INFORMATION GIVEN
########################################

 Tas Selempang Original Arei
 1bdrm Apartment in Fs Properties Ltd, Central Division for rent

########################################

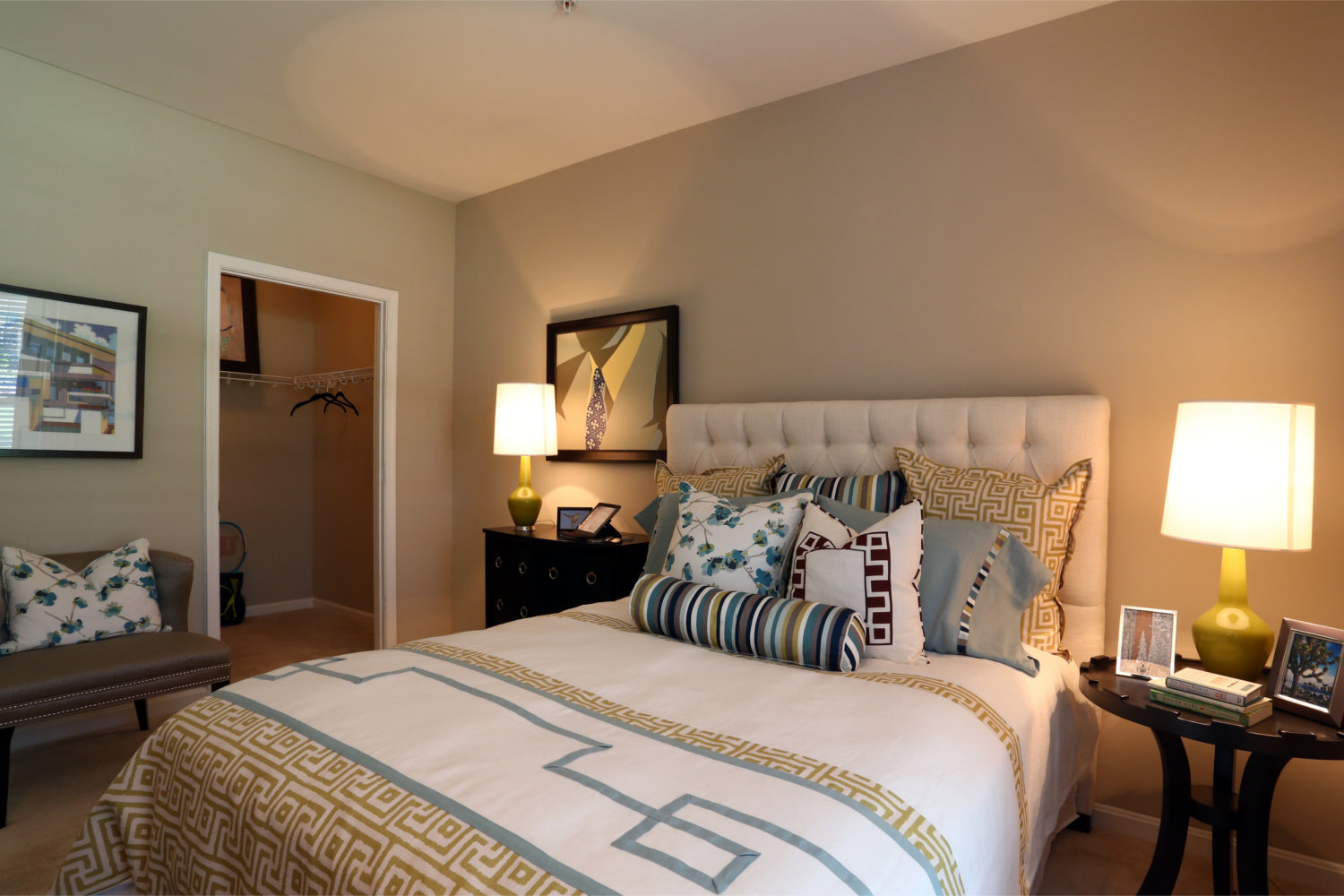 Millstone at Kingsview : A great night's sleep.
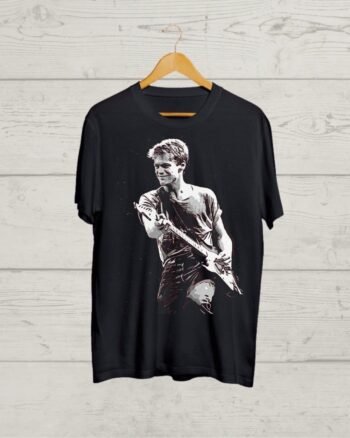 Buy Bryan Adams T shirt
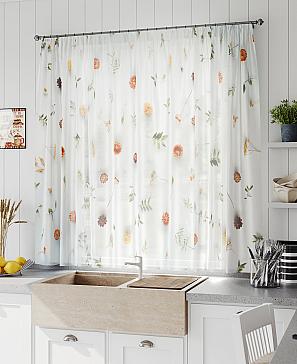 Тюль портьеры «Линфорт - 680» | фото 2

########################################

WHAT THE EXERCISE ASKS
In the listing above, transcribe exactly everything from the line containing "Tas Selempang Original Arei" down to the line containing "1bdrm Apartment in", including both and nothing more.

EXERCISE SOLUTION
 Tas Selempang Original Arei
 1bdrm Apartment in Fs Properties Ltd, Central Division for rent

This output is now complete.